Sunday, February 16, 2014

Streaming revelation: Toa Fraser & Alan Sharp's adaptation of Lord Dunsany's DEAN SPANLEY


One of those rare delights that you suddenly find dumped into your surprised lap via Netflix streaming, DEAN SPANLEY (or My Talks With Dean Spanley, as it is also called) is a splendid example of quiet British/New Zealand humor and character that slowly, delectably expands into one of the richest and most moving of movies. It is also, by the by, one of cinema's great dog stories -- not to mention perhaps the best piece of reincarnation folderol we've yet seen.

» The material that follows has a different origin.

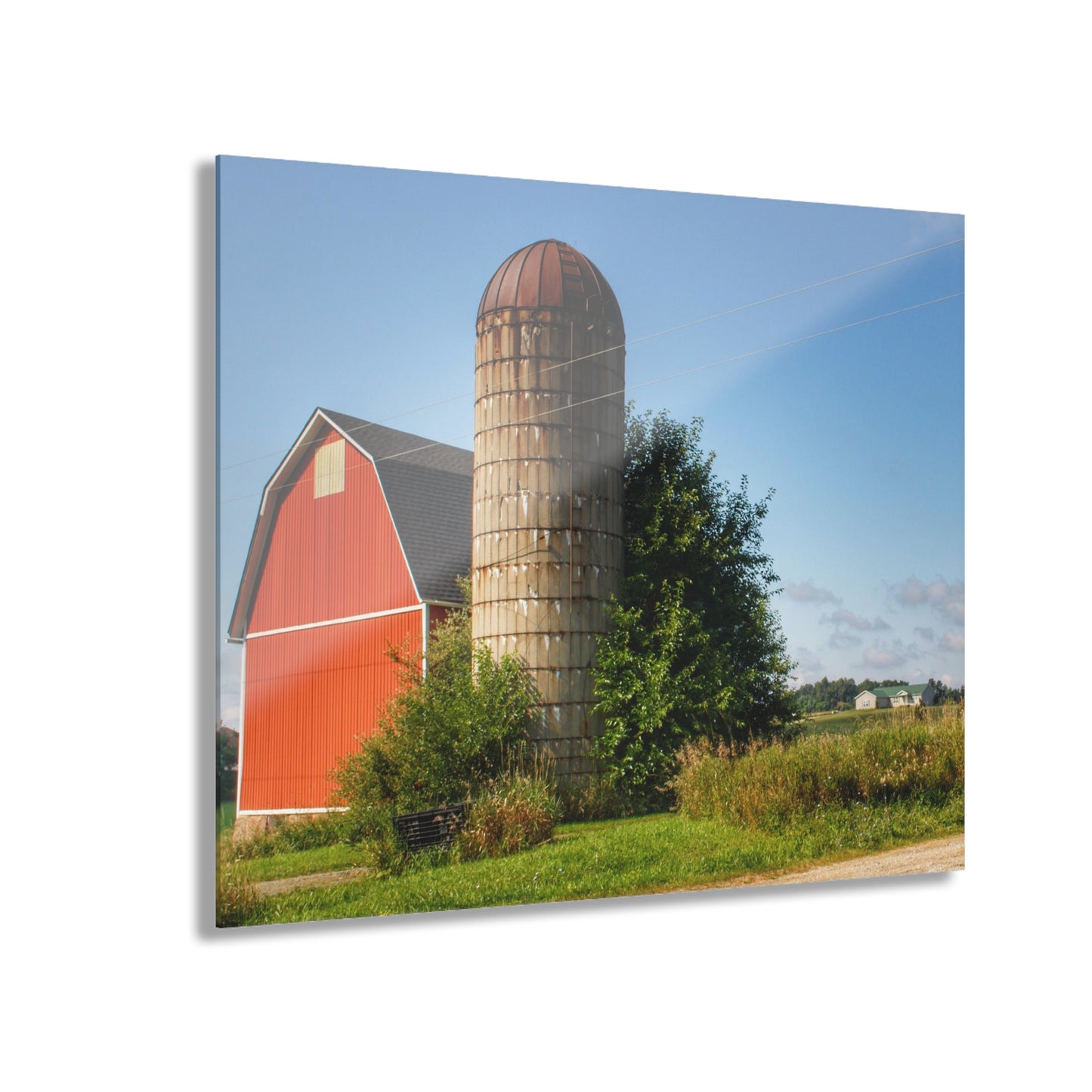 U R There Photography August Red and Silo Rustic Farmhouse Acrylic Wall Print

While it won't make a believer out of you, transmigration of souls-wise, it just might make you wish that you could believe -- so enchanting is its premise and so thoroughly brought to bursting life is the execution of that premise. This unusual film, directed by New Zealander Toa Fraser (shown at left) and adapted from one of the works of Ireland's Lord Dunsany by that very good late Scot screenwriter Alan Sharp (Ulzana's RaidNight Moves), sneaks up on you, promising to be one thing (on which it actually delivers) but then morphing into something quite else. I'd call it a genre-jumper, except that jumping is an activity far too energized for this quiet little charmer. Let's call it a genre-glider. In any case, it is very nearly sui generis.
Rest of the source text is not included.